The latest edition of the show was praised by visitors and exhibitors for its “casual” and accessible atmosphere.
Tony Bridge, sales director at textiles agency Marine Trading, said: “Like other editions of this show, it has been casual, friendly and relaxed, with an upbeat mood. We go to [textile trade shows] Première Vision, Texworld and Intertextile Shanghai, but we find that buyers and agents at those, particularly at Première Vision, fly in from all over the world, so it tends to be quite formal.”
Fiongal Greenlaw, designer at House of Holland, estimated that it was his fifth time visiting the show as a buyer. He said: “It’s been a lot calmer than usual this time, but in a nice way – it’s not flat, and there is energy to it. So it has been a good atmosphere, and there is a lot of variety on offer.”
Exhibitors met with buyers from brands such as Burberry, Ted Baker, Erdem, Topman, Gloverall, Oliver Spencer, Anya Hindmarch, Racil, French Connection and Marks & Spencer.
Frank van de Brug, chief executive and designer at Dutch label Colourful Rebel, said: “This is the first time we have visited this trade show. We are searching for a range of fabrics for our womenswear and menswear collections, from quality silk to shells for outerwear.
“We wanted to widen the number of places to source our fabrics from – we often go to Hong Kong to look for new fabrics but it got a bit ridiculous given the distance, and this is much closer to home.”
The Big Question: How has the political climate affected trading?
Dorothy Arnott Sales and marketing associate at outerwear fabric manufacturer Halley Stevensons
“Cotton and wax pricing have both increased so prices have changed, but it hasn’t affected us too much compared with the same time last year. [There has been] a slight increase, accentuated by the effect of the [pound versus the] dollar, but it hasn’t been a dramatic one. In the meantime Brexit hasn’t affected buyer activity – we are just putting our heads down and getting on with things as we normally do.”
Stephanie Miller Sales executive at waxed cotton outerwear manufacturer British Millerain
“While there is ongoing uncertainty among companies, we haven’t noticed any change in order volumes as a result of it. We haven’t seen anything manifest in terms of sales, since Brexit hasn’t happened yet. However, we buy some base cloths in dollars, so we have had to raise prices a little.”
Helen Williamson Sales director at wholesale and bespoke printed silk supplier Biddle Sawyer Silks
“We’ve experienced increased activity since the Brexit vote. In terms of sales, there has been a positive effect, since we’ve had more interest from overseas buyers – we have seen 20% sales growth compared with the same time last year. But in terms of currency, it has been negative. The exchange rate has pushed prices up, so we have had to raise ours.”
Lee Taylor Owner of fabric wholesale agency T1 Textiles
“Our business has not been too affected by the outcome of the vote on Brexit.

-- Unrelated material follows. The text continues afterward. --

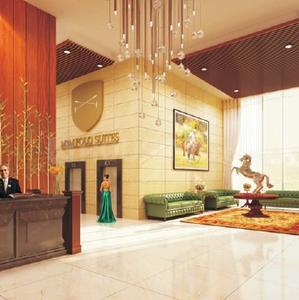 Project Image of 0.0 - 3980.0 Sq.ft 3 BHK Apartment for buy in M3M Polo Suites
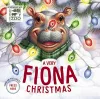 A Very Fiona Christmas cover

The European mills that we represent are concerned about changes to tariff-free trade, however, so we’ll be watching this closely.
“Raw material and wool prices have gone up, but we haven’t raised our prices as we are trying to remain competitive. We have had to take the hit. We have also noticed that people are booking [orders] later as sales in shops are getting poorer – people are being more cautious and waiting to see how current seasons perform first.”
Hannah Lord Founder and design director at womenswear label HC London
“I think Brexit is a horrendous thing to happen, and I’m still hoping it doesn’t. Everyone is now much more cautious and hedging their bets. However, I think businesses can use the situation to their advantage – some flourished during the recession, after all. We have to try and think positively.”